Firstly, to the women directly impacted, we wish to remain available to you and to provide whatever support we can that you might find helpful. We consider this another critical moment to study the way that different treatment based on gender constellates in the ATS community specifically, and society more generally. Events such as this have the power to shake one’s confidence in the refuge of Buddha, Dharma and Sangha. We hope that the pain of this moment actually leads us back towards the heart and that we might all find true refuge.
Effects on Organization and ATS Future
The effect of the controversy arising from these events has been devastating for ATS. While ATS has previously experienced precarious financial moments, this period has eroded core capacities of the organization. Fiscal impacts were immediate. A 10th anniversary fundraiser was postponed; a large foundation grant was returned because we could not meet our objectives; other forms of giving contracted. Monthly expenses significantly outpace revenue and our savings have been drawn down. Four Board members resigned, a co-guiding teacher departed, two affiliate centers – Boston and Nashville – are dissociating from ATS, and our Executive Director is planning to depart at the end of his contract period. Each member of our Teachers Council has expressed a wish to dissociate themselves from Mr. Levine – to begin again and share teachings in a new form with students.
During the course of the investigation, the Board of Directors, Teachers Council and Executive Leadership explored a number of financial models and collaborative arrangements that would allow ATS to remain a viable, healthy organization. We were unable to find a solution.
With deep sadness, we announce that ATS will close the doors to its Melrose, Santa Monica and San Francisco centers on Sept 30, 2018. Know that the impact of losing a spiritual community has been given every possible consideration. We understand that many of you have been sangha members from the very beginning. Our commitment moving forward is to be available and be present for the grief or anger or confusion that may arise.
While we have tried to navigate this time with as much skill as we have, we know that these events are a lot and land in different ways for you. To the extent that we can be of support, we wish to be available for you. We will be holding community sessions in Los Angeles and San Francisco, and the teachers will use class time, when appropriate, to help digest all of this. Please know that we’re also part of the sangha – none of this has been easy and we’re experiencing our own forms of loss.
The refuge of Buddha, Dharma and Sangha is supported by people and places, but is never dependent on a person or a place. Though ATS is ending, the Dharma, as always, continues. The ripples and resonances of goodness and sincerity continue.
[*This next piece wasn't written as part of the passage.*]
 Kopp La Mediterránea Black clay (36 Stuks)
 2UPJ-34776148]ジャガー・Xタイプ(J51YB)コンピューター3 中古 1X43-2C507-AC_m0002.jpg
Our teachers and facilitators are actively transitioning to new offerings, groups and spaces to ensure that former ATS communities across the country are supported going forward. In Los Angeles, JoAnna Hardy has announced the formation of the Meditation Coalition, which Mary Stancavage, Cheryl Slean and some ATS facilitators will be joining. In San Francisco, Vinny Ferraro is in process looking to rent space for the Friday night class. Matthew Brensilver will remain accessible and is committed to serving the sangha in a sustained way. Nashville ATS will continue in the same location as Wild Heart Meditation Center. In Boston, Chris Crotty is committed to ensuring long-term sustainability of sangha in that city and on the east coast. We will announce more details as they come.
For the next months, Vinny Ferraro’s September weekend retreat will continue as planned, the New Years’ retreat with Cheryl Slean and Dave Smith will be held again in Malibu, and the Women’s Retreat with Mary and JoAnna will be held once again at Joshua Tree in January 2019.
We will update you as details are finalized.
To our beloved community, we are humbled, we are heartbroken, and we grieve with you.